Pukul 16.30 WIB, kembali waktu menggerakkan langkah kecil ini. Medan shelter 1 menuju shelter 2 cukup menguras tenaga, tanjakan yang bertambah curam hingga terkadang kita di paksa untuk berjalan menunduk untuk menghindari pohon tumbang yang menghalang di jalur pendakian. Tanah basah dan lebat pepohonan masih mendominasi di jalur ini. Akar pohon sebagai pijakan kaki kita melangkah dan helaian kabut tak jarang melintas melengkapi dinginnya hutan rimba pegunungan Sumatra ini.
Batang pohon yang tertutup lumut


Hingga terang perlahan sirna, berganti malam sebagai siklus yang harus kita hadapi. Tanjakan semakin berat dan curam, apalagi penerangan sedikit berkurang karena malam hari. Tiba pada pergantiannya, saya dan tim istirahat sejenak di jalur untuk bergegas mengeluarkan headlamp dengan harapan langkah ini tak goyah hanya karena malam. Setelah sekitar 3 jam berjalan dari shelter 1 kita akhirnya sampai di shelter 2.

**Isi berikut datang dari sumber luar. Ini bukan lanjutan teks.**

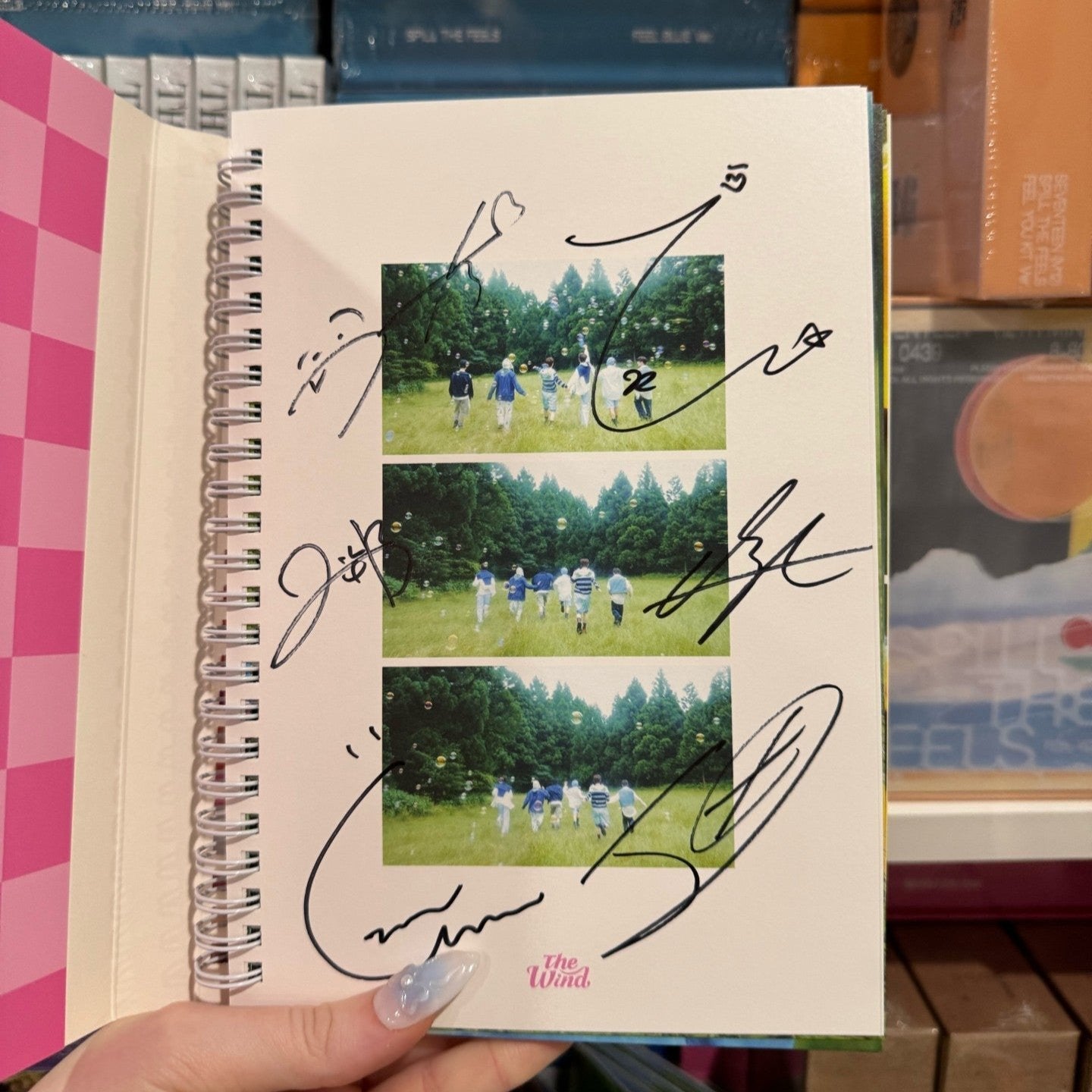 The Wind 3rd Mini Album Hello : My First Love (Signed Edition) – album (Love Version / / ) | HobiEgo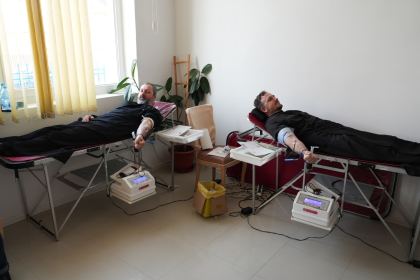 Acţiune de donare de sânge a preoţilor, tinerilor şi credincioşilor din Tecuci – fotografia 32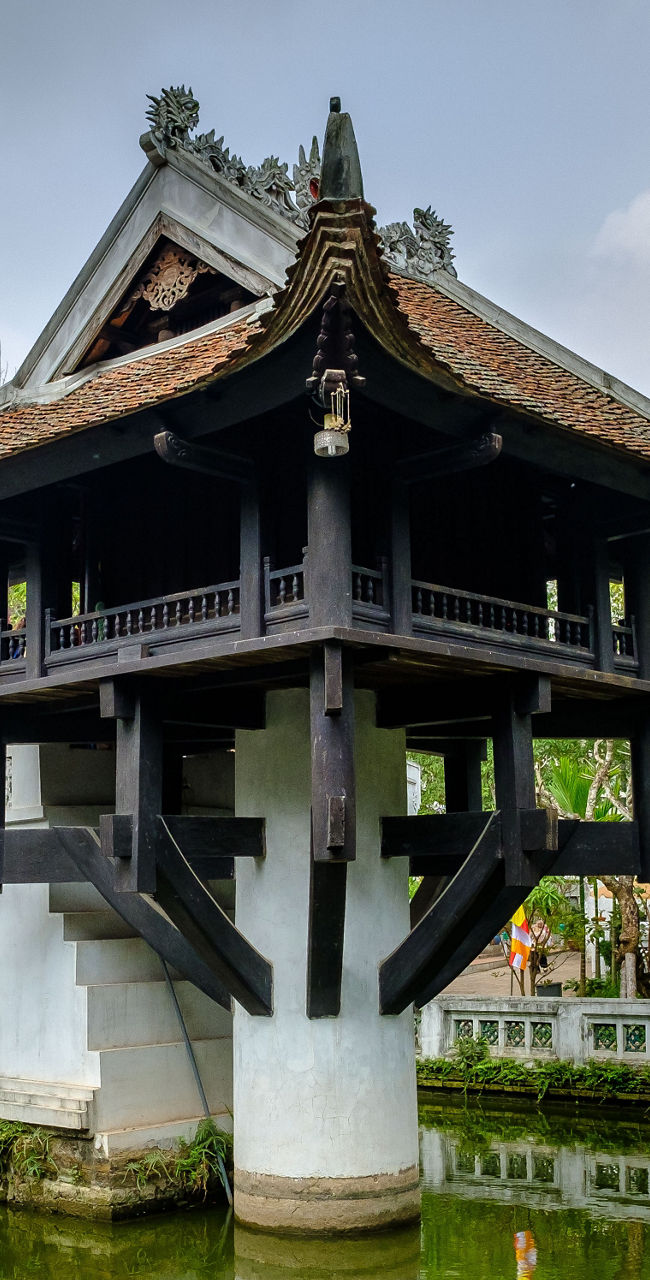 One Pillar Pagoda in serene garden setting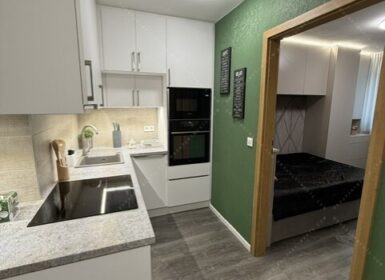 One-Bedroom Apartment with Balcony – Palotanegyed, District VIII, Budapest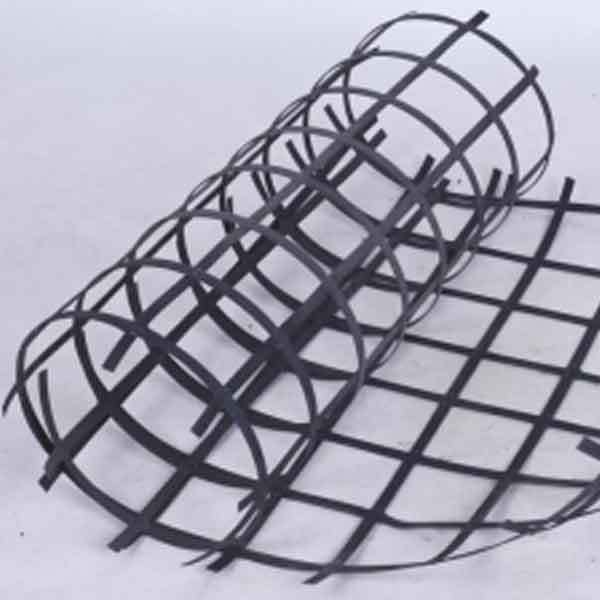 Steel-plastic geogrid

Tak lama segala keperluan tenda dan logistic di  keluarkan, berdirilah tenda kami. Duduk kita pada petigaan malam yang panjang, sunyi akan penat  juga hiruk pikuk suasana kota. Secangkir kopi dan teh hangat menemani ucap kata yang seolah kita berada pada sebuah surga kecil yang menawarkan ketenangan. Aku pun menyiapkan menu special di hari yang menurutku istemawa ini. Menu mala mini yaitu nasi kuning, irisan telor dan tempe goreng yang di tumpuk lalu di tabor dengan wortel goreng dan tomat.
Ngopi dulu di tenda

Tent


Tepat jam 00.00 WIB kita sejenak berdoan, mata sejenak terpejam rata, dan semilir angina malam menmbawa doaku, kita dan semesta raya ini menuju impian yang teringgi pada singgasananya. Ya, 19 Desember tepat Umur ini bertambah Tua saja, Prosesi  tiup lilin hingga potong tumpeng dengan sederhana dan ucap doa sudah kita kumandangkan, walau dingin malam itu menyeret kita untuk segera masuk ke dalam tenda.
Ritual #1

Ritual #2

Ritual #3
            “Terima kasih Tuhan, dan pada kedalaman malam tentang langkah. Laju ku tak terhenti hanya untuk menyebut Nama-Mu.  Atas segala tetesan keringat pada gurauan biru membentang, kupijakkan sedikit kesombonganku pada Mu. Maaf. Terima kasih atas segala rangkaian erat tangan juga jemari jemari kecil ini yang mencoba meraih mimpi menerjang ego. Ini adalah kesempurnaan yang kau berikan, melalui dingin dan warna pada setiap pelangi Senja”


Happy birthday


Kini pagi menuntun kita pada segelas teh hangat, dan tak lupa sebatang rokok mengadu oleh bara yang ter genggam. Selamat pagi sumatra, yang senantiasa berikan rindu pada setiap langkah jejak ini. Tepat pukul 10.00 WIB kita melanjutkan perjalan menuju TOP DEMPO 3159mdpl, setelah perut terisi oleh kentang rebus dan roti bakar. Jarak Antara Shelter 2 menuju top dempo memakan waktu 2 jam, katanya sih. Tapi kita memulai dengan semangat pagi yang membara, setelah istrahat panjang di shelter 2. Track awal masih dengan tanah yang basah juga pepohonan yang tinggi, hingga sering terdengar suara monyet bersautan. Setelah sekiranya satu jam kita memasuki track batu, dan di sini vegetasi sudah menandakan kalau Top Dempo sebentar lagi akan kami injak. Nafas sudah mulai tersengal, langkah sedikit gontai karena sering kali kita menjumpai track yang memang tingkat kemiringan nya cukup terjal. Cukup menguras tenaga dan stamina pada siang hari ini.


Track menuju Top Dempo

Dan cakrawala biru siang ini seperti melambaikan tangannya mengajak ku agar segera menapakkan kaki ini pada puncak dempo. Dan tak selang lama kita berjalan, tepat pukul 12. 05 WIB kita akhirnya telah tiba di Puncak Dempo 3159 mdpl. Puncak yang tinggi menjulang, dengan kikisan lereng tebing melengkapi dahagaku pada siang yang terpancar.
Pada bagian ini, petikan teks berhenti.